+++ SOURCE INFORMATION +++
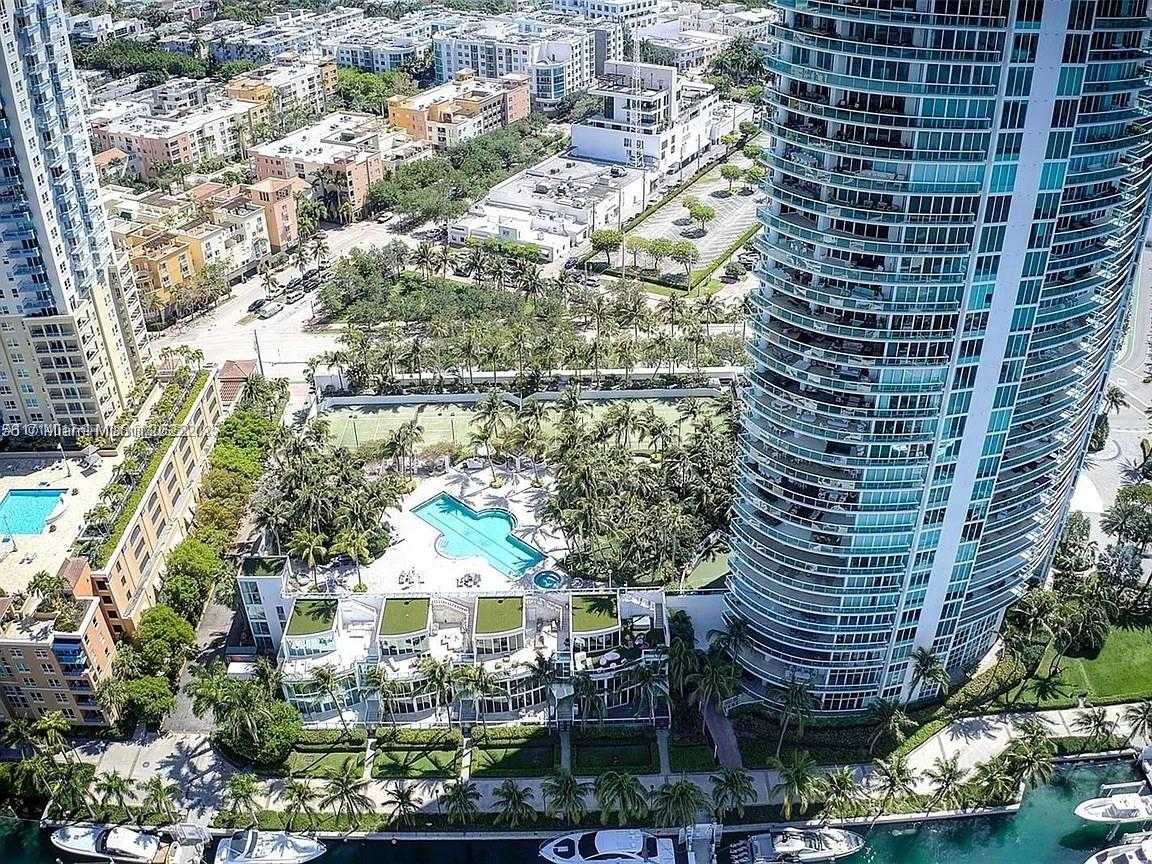 Small Image of 1000 SOUTH POINTE DR #PH1706, Miami Beach Number 23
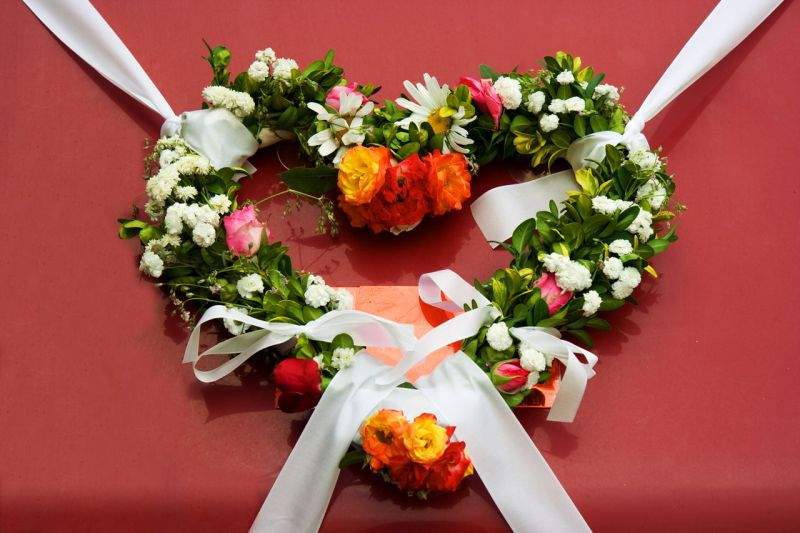 RCMP investigate fraud allegations against wedding decorator - image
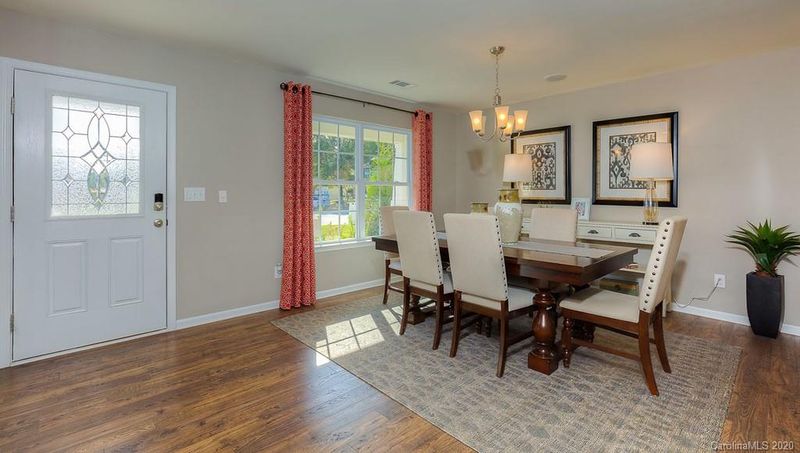9942 Brawley Ln, Charlotte, NC 28215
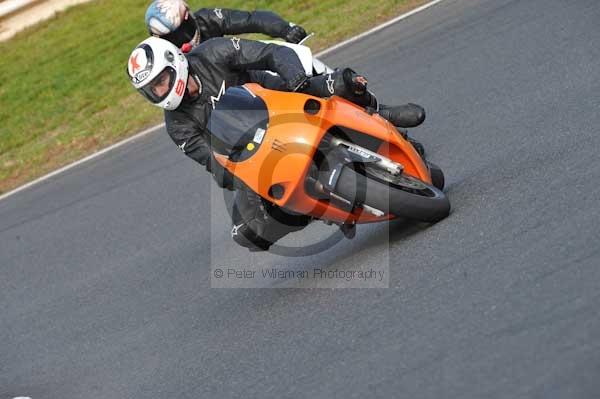 Mallory park Leicestershire;Mallory park photographs;Motorcycle action photographs;Trackday digital images;event digital images;eventdigitalimages;mallory park;no limits trackday;peter wileman photography;trackday;trackday photos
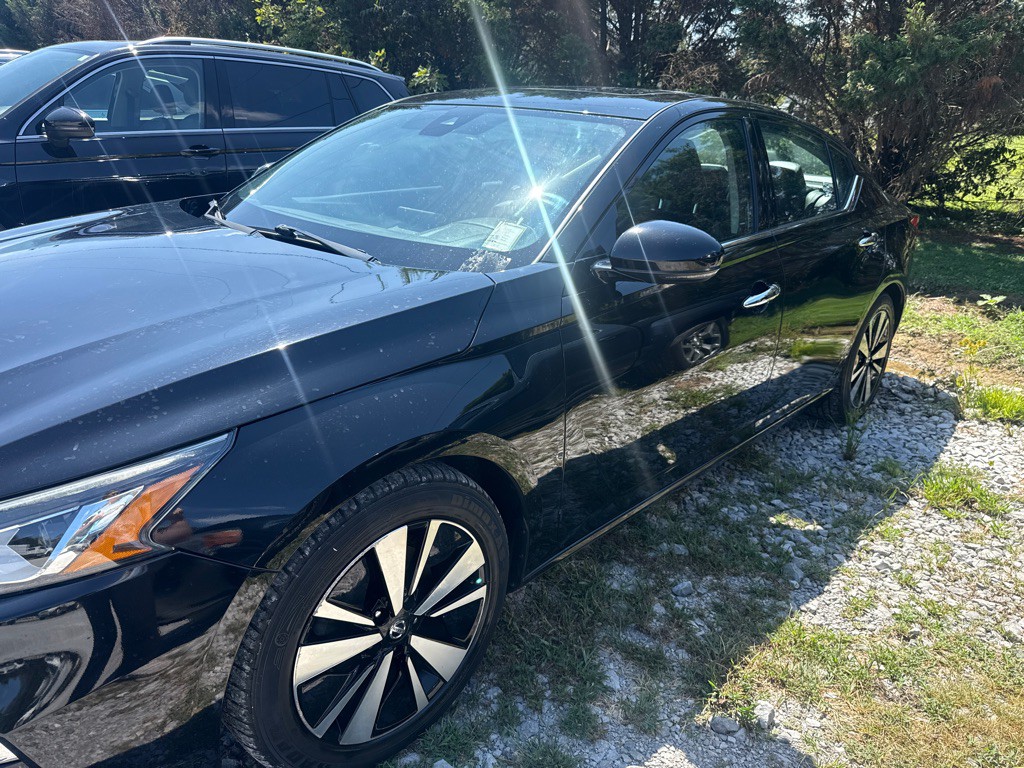 2019 Nissan Altima Image 3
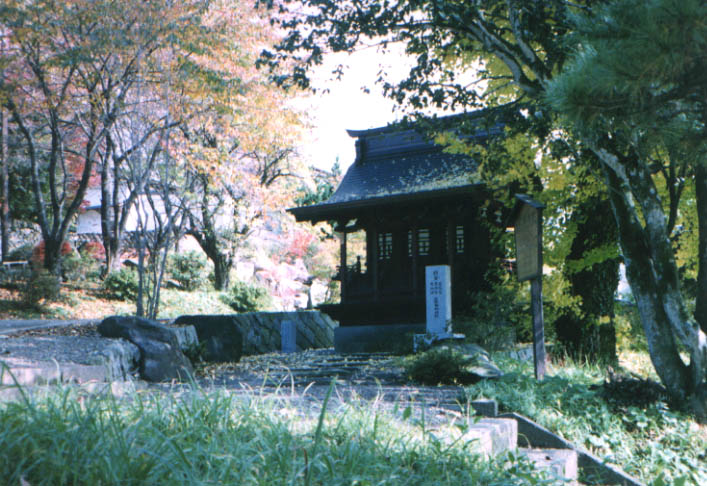 雷電宮、天神宮、土地神を祠る。
寛政三年（1791年）二十四世実山貞道大和尚建立。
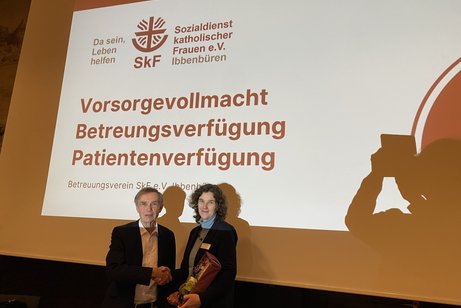 Otto Lohmann bedankt sich bei Ute Middendorp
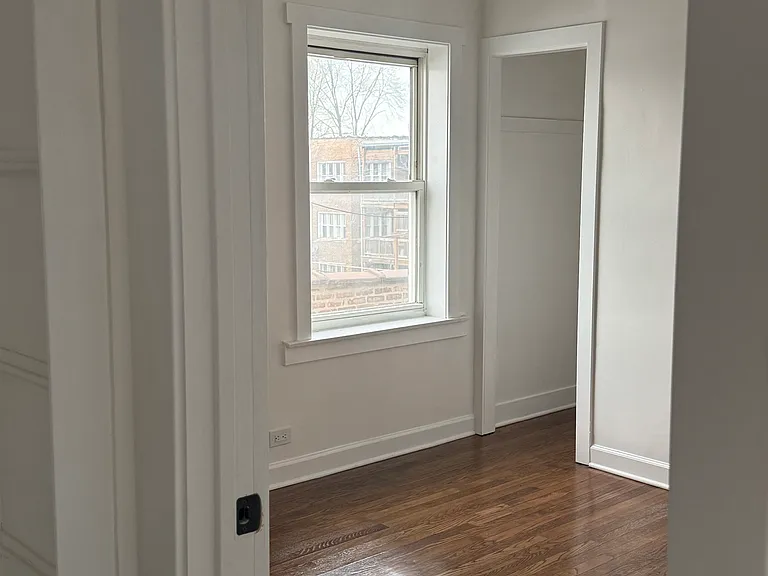 7931 S Eberhart Ave #3 — Photo 9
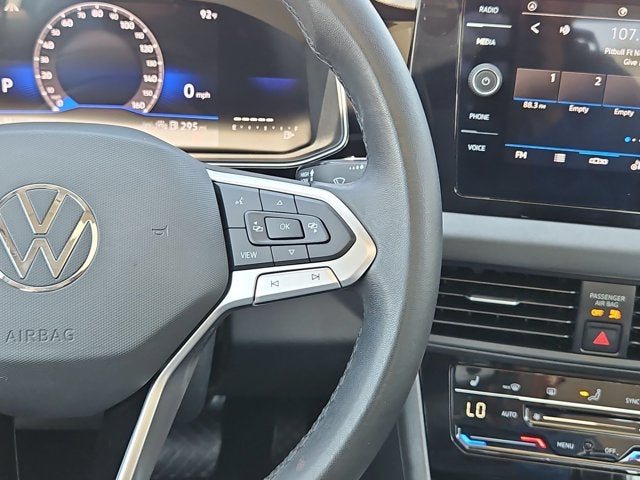 2025 Volkswagen Jetta SE Auto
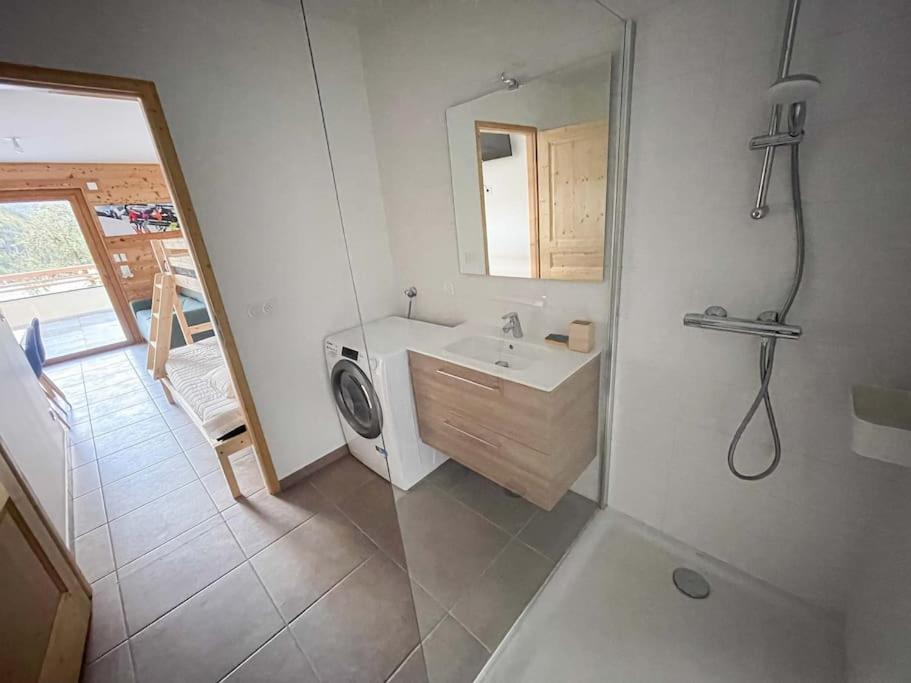 Dans Residence Neuve Le Snow Roc Sur Les Pistes, Grand Studio Cosy 5 Pers Avec Terrasse Panoramique, Sauna, Wifi Saint-Jean-dʼAulps Kültér fotó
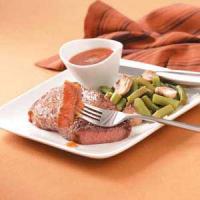 Steak with Dipping Sauce_image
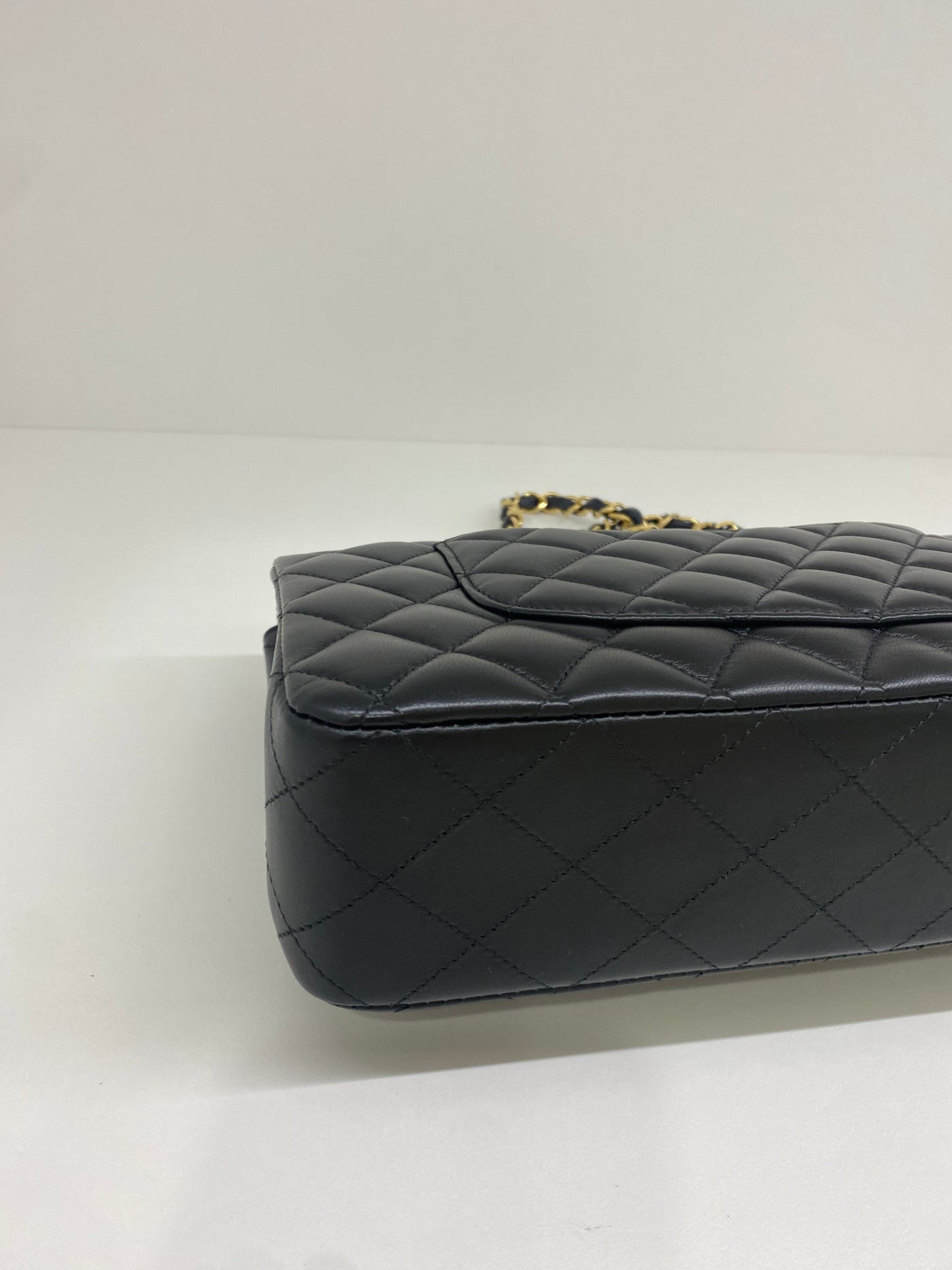 Chanel Classic Flap - Medium Black GHW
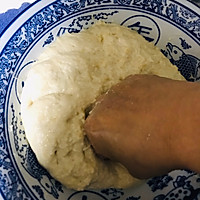 蓬松酥脆小油条的做法图解4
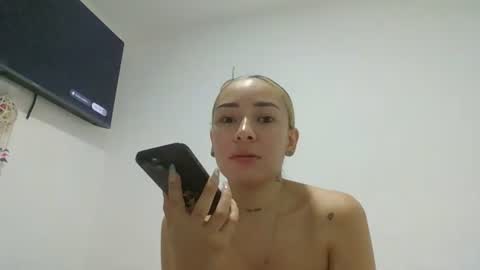 Snapshot of sexohot777 chatting on 06-11-26, 08:07 sexohot777 online show from 06-11-26, 08:07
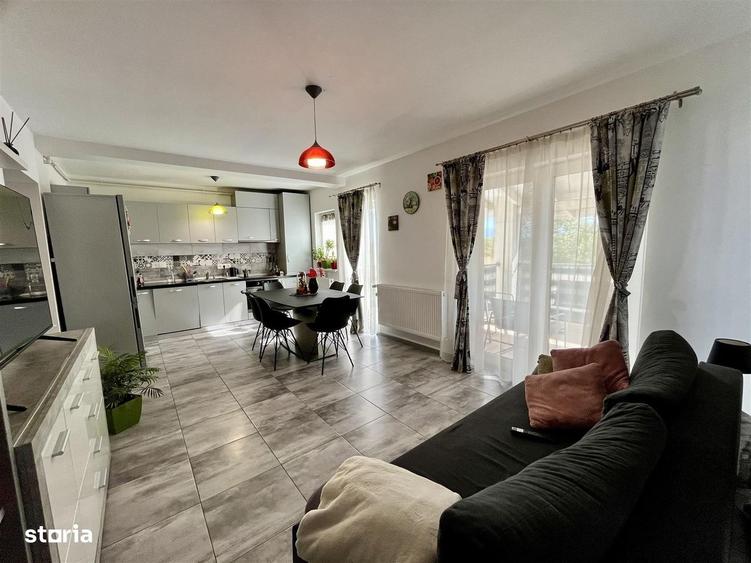 Apartament cu 4 camere decomandat în Central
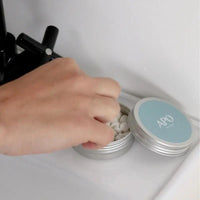 Boîte pour dentifrice solide en aluminium APO Hersée Paris 9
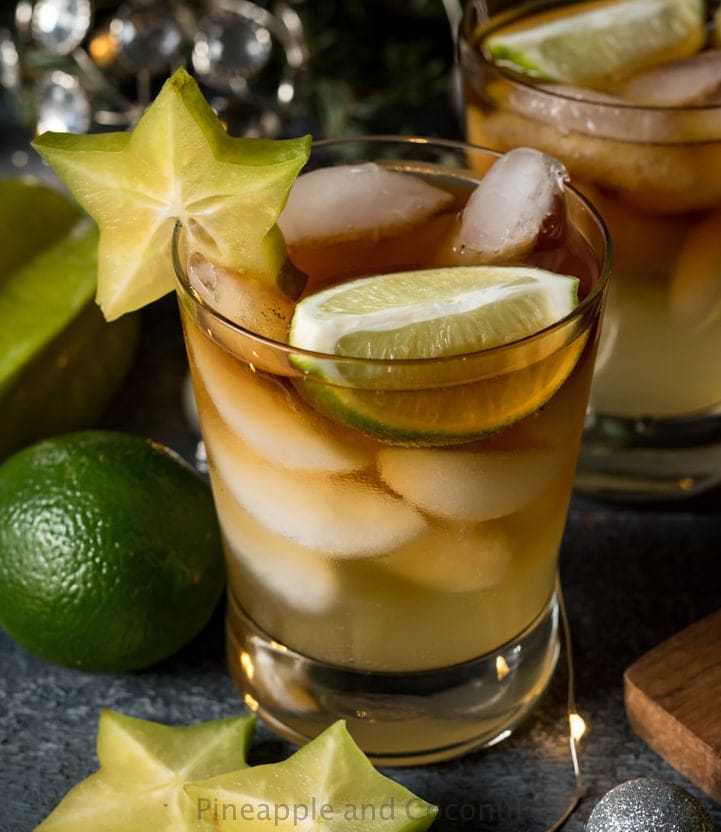 Spicy Dark and Stormy Cocktail #Drinkmas www.pineappleandcoconut.com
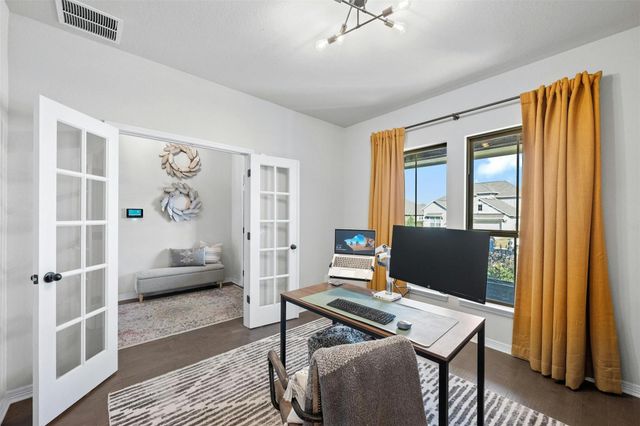 103 Scotsburg ST, Hutto, TX 78634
+++
AIM OF THE TASK
For this exercise, repeat word for word only the lines from the one containing "7931 S Eberhart Ave #3 — Photo 9" through the end of the data, including both. Pictures do not go in the copy.

WRITTEN RESPONSE
 7931 S Eberhart Ave #3 — Photo 9
 2025 Volkswagen Jetta SE Auto
 Dans Residence Neuve Le Snow Roc Sur Les Pistes, Grand Studio Cosy 5 Pers Avec Terrasse Panoramique, Sauna, Wifi Saint-Jean-dʼAulps Kültér fotó
 Steak with Dipping Sauce_image
 Chanel Classic Flap - Medium Black GHW
 蓬松酥脆小油条的做法图解4
 Snapshot of sexohot777 chatting on 06-11-26, 08:07 sexohot777 online show from 06-11-26, 08:07
 Apartament cu 4 camere decomandat în Central
 Boîte pour dentifrice solide en aluminium APO Hersée Paris 9
 Spicy Dark and Stormy Cocktail #Drinkmas www.pineappleandcoconut.com
 103 Scotsburg ST, Hutto, TX 78634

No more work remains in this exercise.